Understanding Basic DataFrame Merging

Performing an Inner Join

  1. Create two DataFrames with common and unique columns.

  2. Merge them using the merge() function by specifying the type of join.

    python
    import pandas as pd
    
    df1 = pd.DataFrame({
        'key': ['A', 'B', 'C', 'D'],
        'value_df1': [1, 2, 3, 5]
    })
    
    df2 = pd.DataFrame({
        'key': ['B', 'D', 'E', 'F'],
        'value_df2': [2, 4, 6, 8]
    })
    
    merged_inner = pd.merge(df1, df2, on='key', how='inner')
    print(merged_inner)
    

    This code merges df1 and df2 on the common column 'key' with an inner join. The result is a new DataFrame that includes only rows that have matching values in the 'key' column from both DataFrames.

Performing Outer, Left, and Right Joins

  1. Apply different types of joins to understand their behavior.

  2. Adjust the how parameter in the merge() function to change the join type.

    python
    merged_outer = pd.merge(df1, df2, on='key', how='outer')
    merged_left = pd.merge(df1, df2, on='key', how='left')
    merged_right = pd.merge(df1, df2, on='key', how='right')
    
    print("Outer Join:\n", merged_outer)
    print("Left Join:\n", merged_left)
    print("Right Join:\n", merged_right)
    
    • Outer join: Combines all rows from both DataFrames, filling in NaN where there are no matches.
    • Left join: Includes all rows from df1 and the matched rows from df2, filling in NaN in places of non-match.
    • Right join: Includes all rows from df2 and the matched rows from df1, filling in NaN in places of non-match.
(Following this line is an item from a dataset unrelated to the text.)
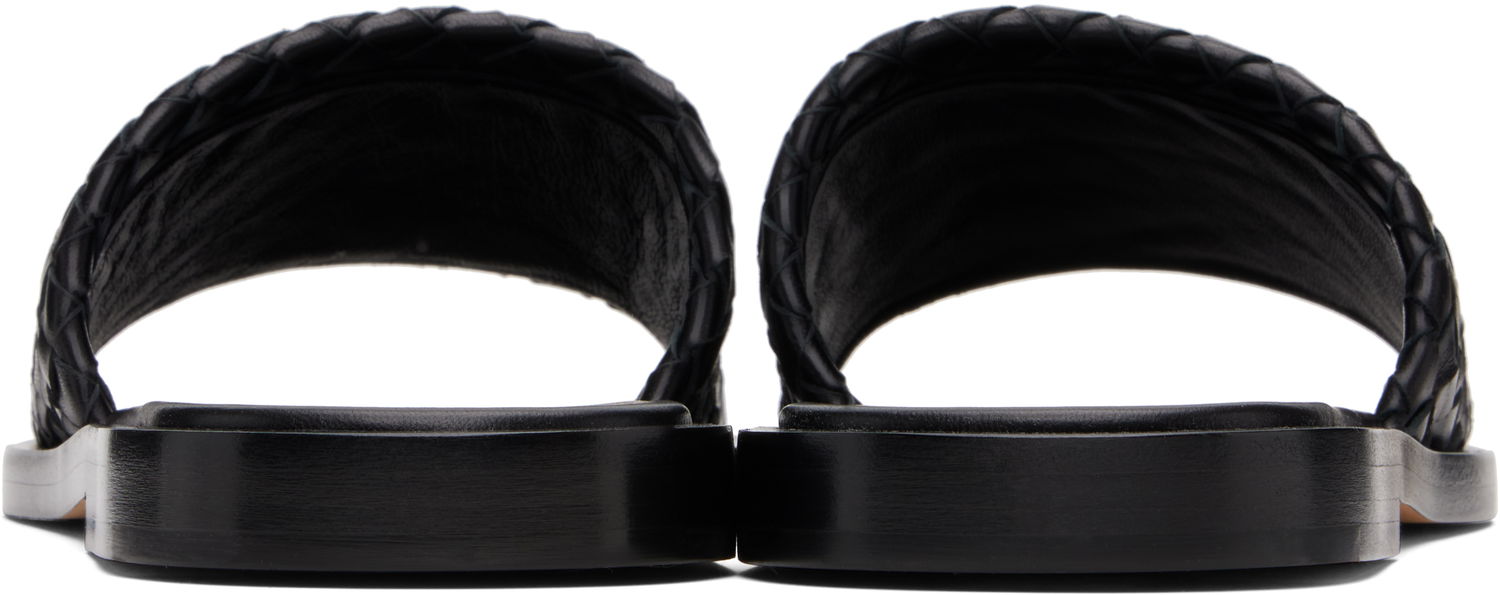 Sneakers og sko Bottega Veneta Bottega Veneta Elio Woven Leather Slides Sort | 838348V2ED01000, 1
Advanced Merging Techniques

Specifying Multiple Columns to Join On

  1. Create DataFrames with multiple common columns.

  2. Use merge() by specifying a list of columns.

    python
    df3 = pd.DataFrame({
        'key1': ['A', 'B', 'C'],
        'key2': ['X', 'Y', 'Z'],
        'value_df3': [1, 2, 3]
    })
    
    df4 = pd.DataFrame({
        'key1': ['B', 'C', 'D'],
        'key2': ['Y', 'Z', 'X'],
        'value_df4': [4, 5, 6]
    })
    
    merged_multiple_keys = pd.merge(df3, df4, on=['key1', 'key2'], how='inner')
    print(merged_multiple_keys)
    

    Here, df3 and df4 are merged on two columns, key1 and key2. The inner join type results in a DataFrame that includes only the rows with matching values in both specified columns from both DataFrames.

Using left_on and right_on for Mismatched Column Names

  1. Handle cases where the join columns have different names in the DataFrames.

  2. Specify left_on and right_on in the merge() function.

    python
    df5 = pd.DataFrame({
        'lkey': ['A', 'B', 'C'],
        'value': [1, 2, 3]
    })
    
    df6 = pd.DataFrame({
        'rkey': ['A', 'B', 'D'],
        'value': [4, 5, 6]
    })
    
    merged_different_keys = pd.merge(df5, df6, left_on='lkey', right_on='rkey', how='inner')
    print(merged_different_keys)
    

    This example demonstrates merging df5 and df6 where the keys have different names in each DataFrame, utilizing left_on and right_on to specify the corresponding columns.

Conclusion

The merge() function in Python’s Pandas library is an essential tool for combining DataFrames in various ways, mimicking the behavior of SQL joins. Using this function, you can effectively manage and analyze relational data by performing inner, outer, left, and right joins, as well as handling more complex scenarios involving multiple keys or mismatched column names. By mastering these techniques, you elevate your data manipulation skills, making data analysis tasks more streamlined and insightful.